The wastewater treatment plant in Niagara Falls, where in 2012...

The wastewater treatment plant in Niagara Falls, where in 2012 officials banned the treatment of wastewater from hydraulic fracturing. Credit: AP / David Duprey

It has been almost 40 years since the nation heard the cries for help from Love Canal, a neighborhood in upstate Niagara Falls, where a school was built on a toxic dump filled with 21,000 tons of chemical waste. Children were sick, parents were scared and families lost their homes.

I know, because my children, my family and my home were among them. After years of fighting, hundreds of families were relocated and cleanup efforts were begun.

The Love Canal crisis created awareness of the health dangers presented by environmental pollutants, especially to pregnant women and young children. And it gave impetus to the Superfund program, begun in 1980, which allows communities to hold corporations responsible for cleaning up contamination.

But now a pending action by Environmental Protection Agency Administrator Scott Pruitt threatens to strip away that power.

The cornerstone of the Superfund program, signed into law by President Jimmy Carter, is the “polluter pays” principle.
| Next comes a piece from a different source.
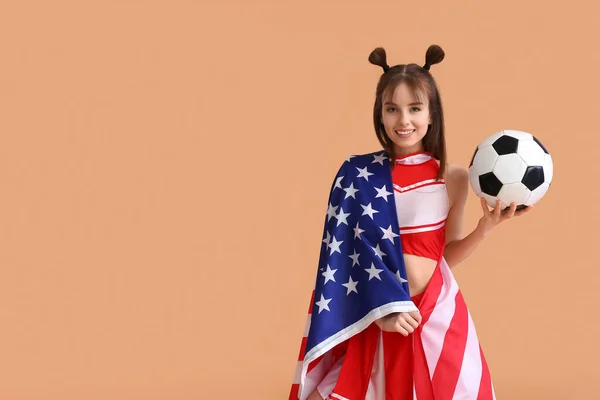 Krásná Mladá Roztleskávačka Vlajkou Usa Míč Barevném Pozadí — Stock fotografie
That worked well for years, including under Presidents Ronald Reagan, George H.W. Bush and Bill Clinton, all of whom supported the program and the tax that funded it.

Then, in 1995, Congress allowed the tax to expire. By 2003, the entire financial burden of paying to clean up the worst orphan toxic sites fell to taxpayers. As a result, the number of toxic sites cleaned up sharply declined.

Now along comes Pruitt, proclaiming that Superfund is his priority. As the “mother of Superfund,” as I am sometimes called, I should be thrilled. Instead, I’m terrified.

Pruitt created a Superfund task force, whose recommendations were released in late July. His proposal would let responsible parties agree to clean up a site to avoid the stigma of being listed on the National Priority List. That gives power to corporations and takes it away from communities harmed by the toxic sites.

Making matters worse is Pruitt’s support for a 34 percent cut to his agency’s funding, which would reduce funding for Superfund sites by $330 million annually.

There are 1,300 sites on the Superfund list, many of which have languished for years, as dangerous chemicals continue to seep into the ground. Nearly 53 million people live within 3 miles of a Superfund site; 46 percent are people of color and 15 percent live below the poverty line.

Recently, a people’s task force on the future of the Superfund program released a series of recommendations for the Superfund program. The task force is composed of representatives of 25 Superfund sites and 70 environmental organizations. It calls for greater transparency and accountability, including the restitution of the Polluters Pay Tax.

If Pruitt truly wants to protect people around Superfund sites, he should hold polluters, not taxpayers, responsible for cleanup costs. He should also continue the technical assistance grants that provide communities with the information they need to understand their cleanup options.

Pruitt must protect the power of communities to hold polluters responsible, because after 40 years, it is painfully clear that we can’t count on corporations to do the right thing.

Lois Marie Gibbs is the founder of the Center for Health, Environment and Justice, a nonprofit organization and a project of the People’s Action Institute. She wrote this for Progressive Media Project.